# See it now!



## DJRooster (Nov 4, 2002)

I can already see the headlines, "Record number of deer liscenses available!" With all the corn out there will be even more deer next year and.....


----------



## mallardhunter (May 15, 2004)

I was thinking more like "A New Record Buck Harvested Today" :beer:


----------



## Booster (Sep 8, 2003)

How about "New Record of Deer HIT!" I can see lots and lots of cars hitting deer this year. I drove home yesterday to bismarck and had to stop at least 10 times for deer in the road. I wish we could just go to a limit on deer and shoot like two a day to get rid of those stupid things! Anyway, just five more anxious days until the big day. I can't wait!


----------



## mallardhunter (May 15, 2004)

I had to stop for a pretty nice buck yesterday comming home from duck hunting.


----------



## Remmi_&amp;_I (Dec 2, 2003)

There was a big bodied deer laying beside the interstate on Saturday........ missing it's entire head.
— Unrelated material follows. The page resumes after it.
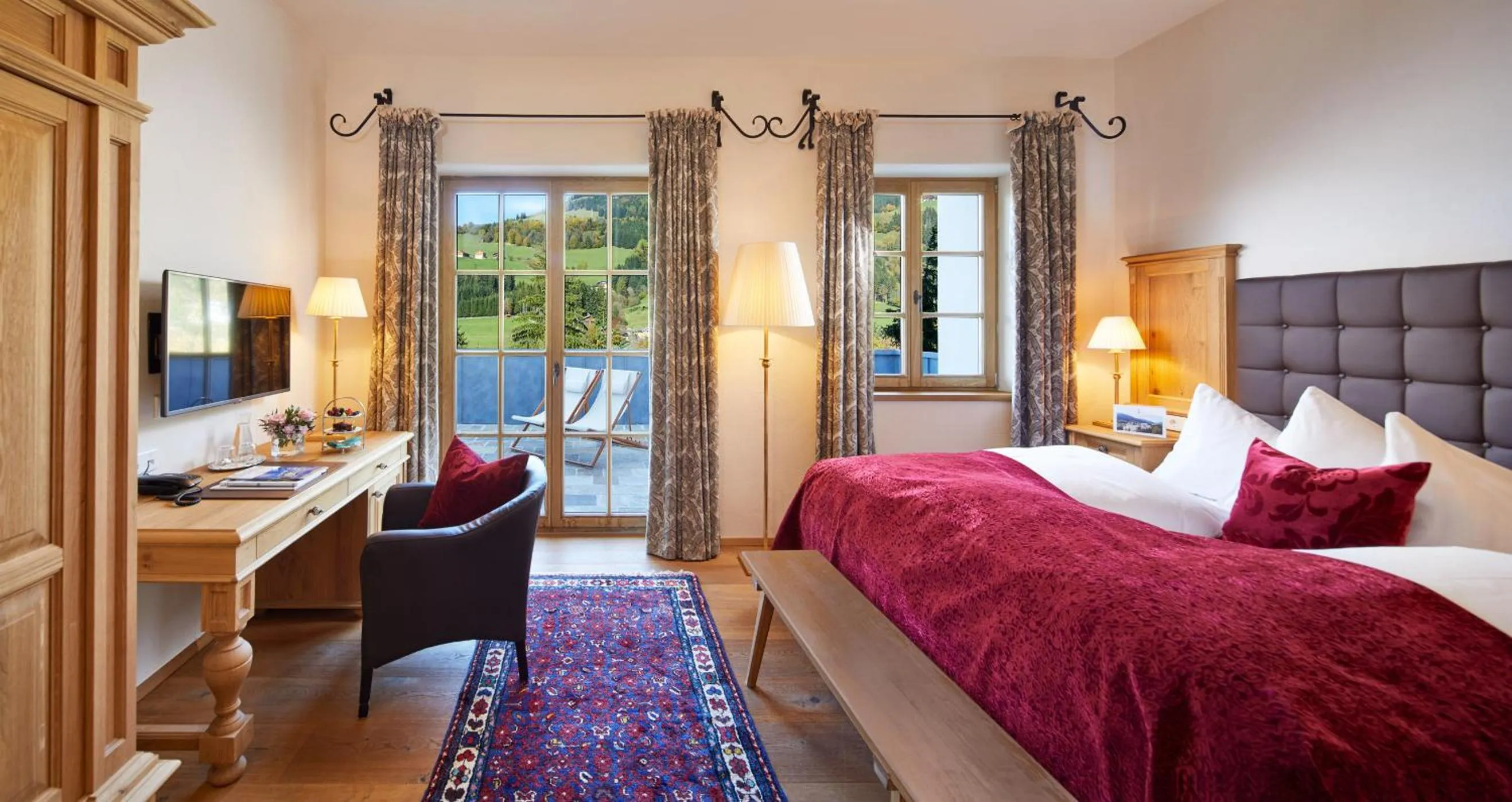 Bed in Hotel Schloss Mittersill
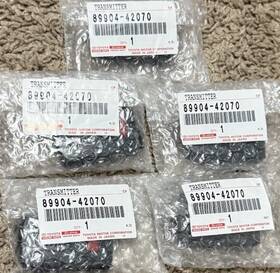 Toyota 6599999999999 Lot Of 11 Total Genuine Oem Cars Transmitter Smart Keys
Someone must have wanted a wall hanger pretty bad to have cut the head off a roadside deer!


----------



## Niles Short (Mar 18, 2004)

think I'am going to attach a dozer bucket to my Blazer and get my limit by driving in the ditches at night :x :x


----------



## Booster (Sep 8, 2003)

I was home this past weekend doing some scouting/goose hunting and stopped into the local pub for a few drinks. I was talking to a guy who was talking about deer. He told me that he has hit 32 deer with the same truck! He only has put $500 into it to fix. I am not sure if that was bs or not until I looked at his truck. It was a old style dodge with a thick metal piece on the front of it. I think I am going to get one of those for this years season. At least I will save on ammo. :sniper:


----------



## Niles Short (Mar 18, 2004)

ran into same thing talking to a farmer last weekend and he said come here let me show you my truck. We go around to the front and he has this huge homemade bumper guard in front - it looked like somthing out of some wild car chase movie with Arnold in it. He smiles and says 'I don't have to slow down to much....


----------



## Ryan.Anderson (Oct 12, 2004)

lol niles. I suppose all it was missing was some spikes sticking out!!


----------



## Jimr (Nov 5, 2004)

theres been 16 hit here now in the last week ...unfortunatlly the gf' was in one of the vehicles :s...and they diddnt have ram bars LOL...totaled the vehicle :s big buck


----------



## Remmi_&amp;_I (Dec 2, 2003)

Hunting was tough with all of the standing crop where we hunt. Talked to a few farmers that said if we havn't filled our tags by the last weekend we could walk their standing crop to get them out. Did anyone push corn this weekend?


----------



## Booster (Sep 8, 2003)

We walked some standing corn and let me tell you it SUCKED! That really is hard to find deer in. The guys that were posting for us said that there were deer running every where in there but I didn't see hardly any. We did manage to kick out a really nice buck out of it though and ended up getting it. It was a 5x5 about 19.5 in. wide. It was really thick too. The people that messured it said that it scored from 155 to 160 and was in the lead for the big buck contest. It got up two corn rows over from me and ran right in front of me but I had already filled my tag. It was a nice one!


----------



## djleye (Nov 14, 2002)

I hunt MN about 20 miles south of Fargo. If not for the river bottoms we would have struggled. We pushed one buck(huge) out of some corn up on th efarmland about 6 miles from the river but there were few deer seen once we got away from the river because of all the standing corn. The ones that were in the river bottoms were not big deer but deer non the less. I am thinking muzzleloader and/or bow could be some dandys still around!!!


----------



## duckslayer (Oct 30, 2003)

:sniper:


----------



## KEN W (Feb 22, 2002)

Same thing with the sunflowers here....deer running around but wouldn't come out.Some fields are full sections.


----------



## DeltaBoy (Mar 4, 2004)

I shot my doe posting outside of a corn field. Deer were running all over the place out of the corn. Better go and get a few more doe tags...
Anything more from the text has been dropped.